__DATA SHOWN__
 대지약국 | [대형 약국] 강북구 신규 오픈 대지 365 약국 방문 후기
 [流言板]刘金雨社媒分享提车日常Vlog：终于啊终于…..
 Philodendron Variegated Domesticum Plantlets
--
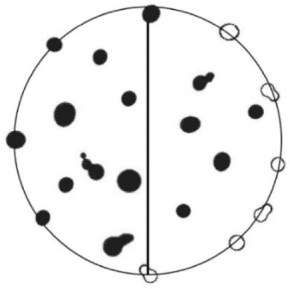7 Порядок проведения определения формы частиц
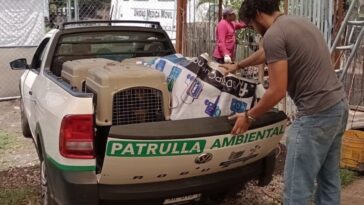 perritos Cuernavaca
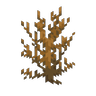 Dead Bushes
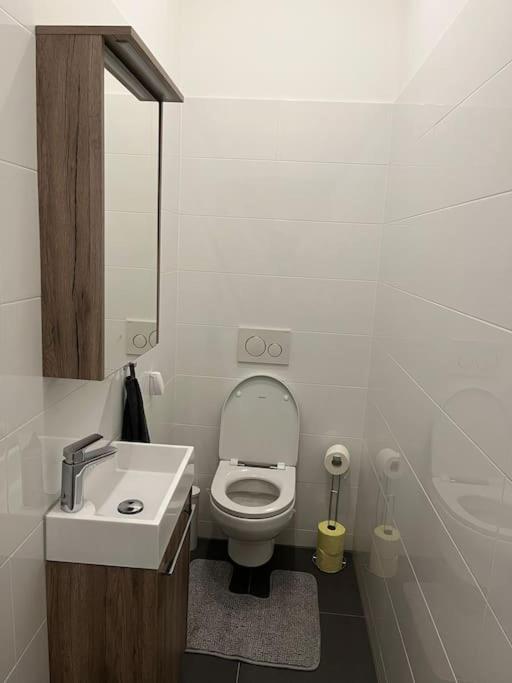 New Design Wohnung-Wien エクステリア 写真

__WHAT IS NEEDED__
In the listing above, find the line with "perritos Cuernavaca" and the line with "New Design Wohnung-Wien エクステリア 写真". Copy both of them and every line between, exactly, but not the pictures.

__ANSWER FOR THIS EXERCISE__
 perritos Cuernavaca
 Dead Bushes
 New Design Wohnung-Wien エクステリア 写真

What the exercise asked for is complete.